It was a hot, still afternoon in August. The birds were silent, hardly a leaf stirred, and everything seemed to have dozed off to sleep in the quiet sunshine. Old Ned Brown, the cobbler, and general "handy-man" of the village, who, in days gone by, had often bound bats and done other odd jobs for "Miss Fenleigh's young nevies," laid down his awl, and gazed out of the window of his dingy little shop.

A soldier was walking slowly down the road. His boots were covered with dust, and on the breast of his red coat glittered the Egyptian medal and the Khedive's Cross.

"That must be Widow Crouch's son," said Ned to himself. "I heard he was back from the war.

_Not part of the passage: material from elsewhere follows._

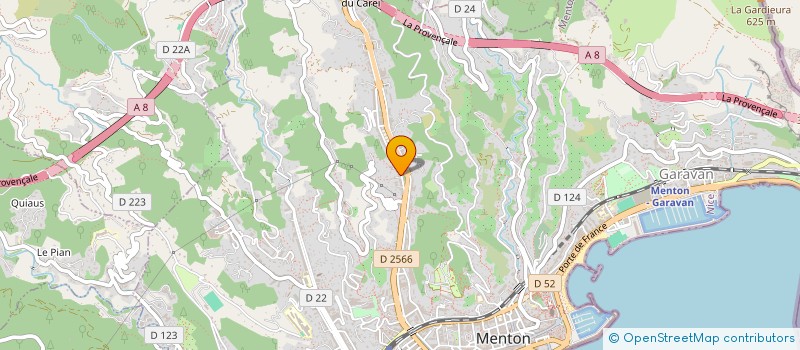 localisation de l'entreprise MONSIEUR DIMITRI ESPOSITO  MENTON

Maybe he'll know summat about the young gen'leman who used to come and stay up at the house yonder, and who, they say, was killed. Ah, yes! I remember him well—a nice, pleasant-spoken young chap! Dear me, dear me! sad work, sad work!" With a shake of his head, the old man once more picked up the shoe he was mending, still muttering to himself, "Yes, I remember him—sad work, sad work!"

The soldier strode on. His thoughts also were busy with memories of the past. In one sense he was not alone; for before him, in fancy, walked a boy—a rather surly, uncared-for looking young dog, with hands in his pockets, coat thrown open, and Cricket cap perched on the back of his head, as though in open defiance of the rain that was falling. The road had been damp and dismal then; to-day it was dry and dusty; but the heart of the man who trod it was no lighter than it had been that evening ten years ago.

The old cobbler had been mistaken. It was not Joe Crouch, but Jack Fenleigh, who had just passed the window of the little shop. He was thinking of the first time he had come to Brenlands at the commencement of the summer holidays, after having been kept back on the breaking-up day as a punishment for sending a pillow through the glass ventilator of the Long Dormitory.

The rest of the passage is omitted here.